Data for this task ->

[Start of section]

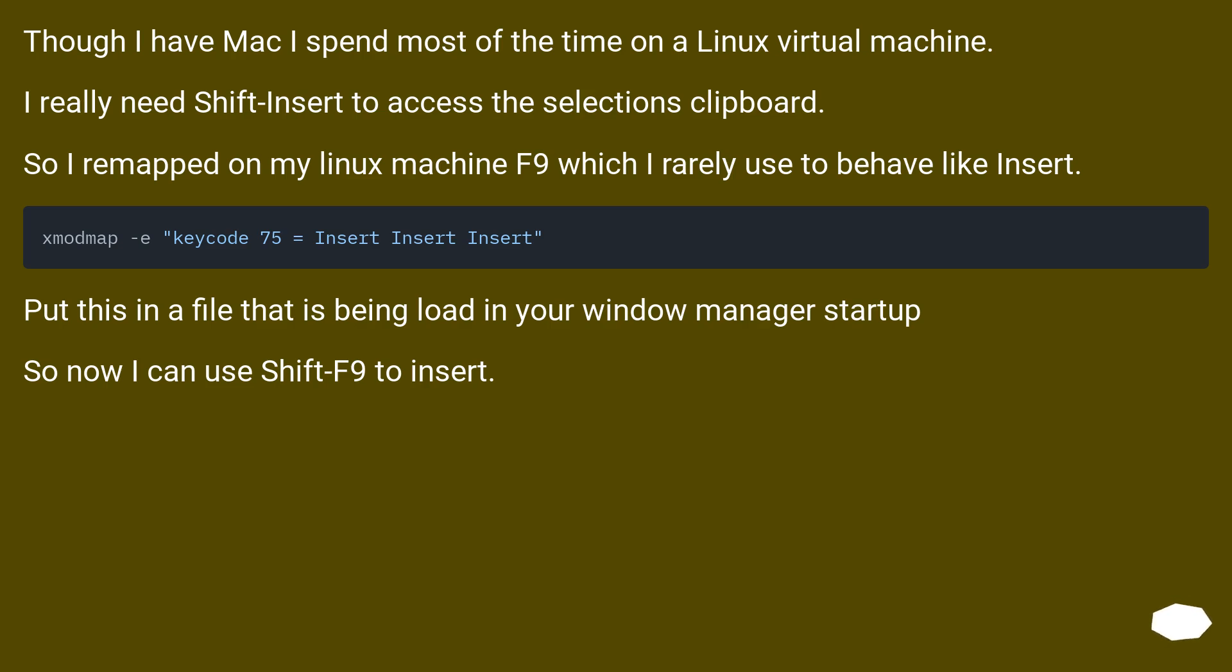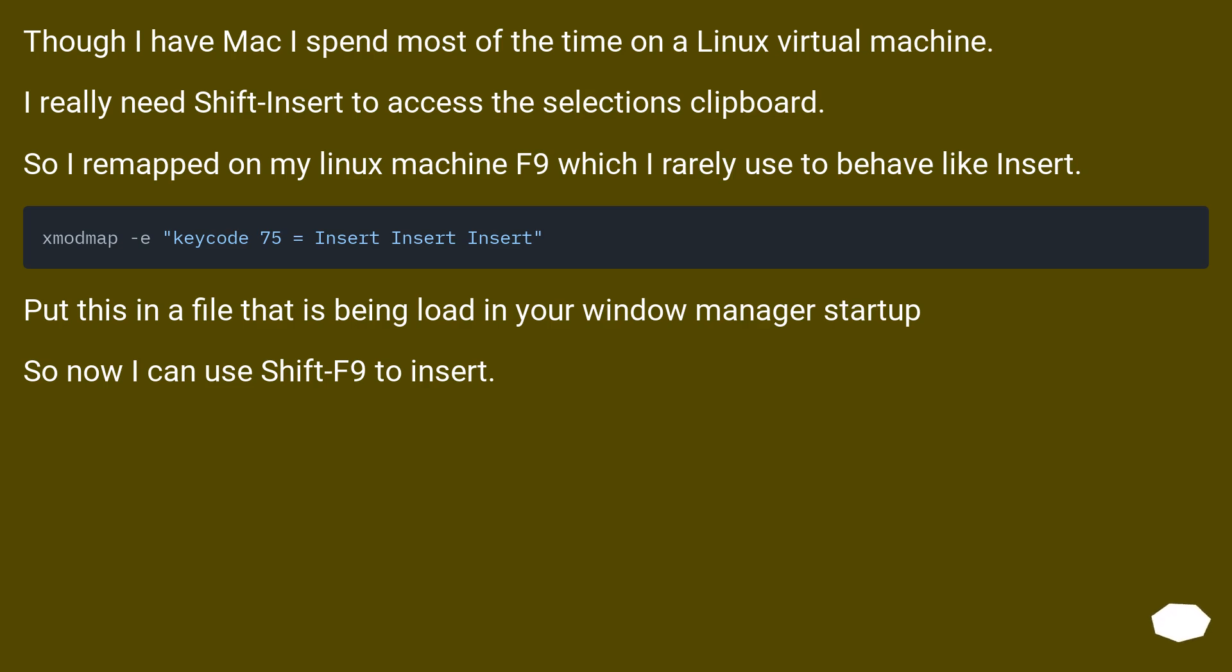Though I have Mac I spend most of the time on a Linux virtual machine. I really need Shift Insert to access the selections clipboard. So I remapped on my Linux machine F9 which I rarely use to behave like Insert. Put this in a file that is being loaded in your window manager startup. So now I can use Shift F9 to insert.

[End of section]
[Start of section]

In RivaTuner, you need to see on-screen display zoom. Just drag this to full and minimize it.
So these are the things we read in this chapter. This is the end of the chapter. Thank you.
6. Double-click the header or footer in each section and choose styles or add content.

[End of section]

Work to be completed ->
Only one stretch of the records above is wanted: the lines between the one holding "So these are" and the one holding "6. Double-click the", inclusive, reproduced exactly.

The answer ->
So these are the things we read in this chapter. This is the end of the chapter. Thank you.
6. Double-click the header or footer in each section and choose styles or add content.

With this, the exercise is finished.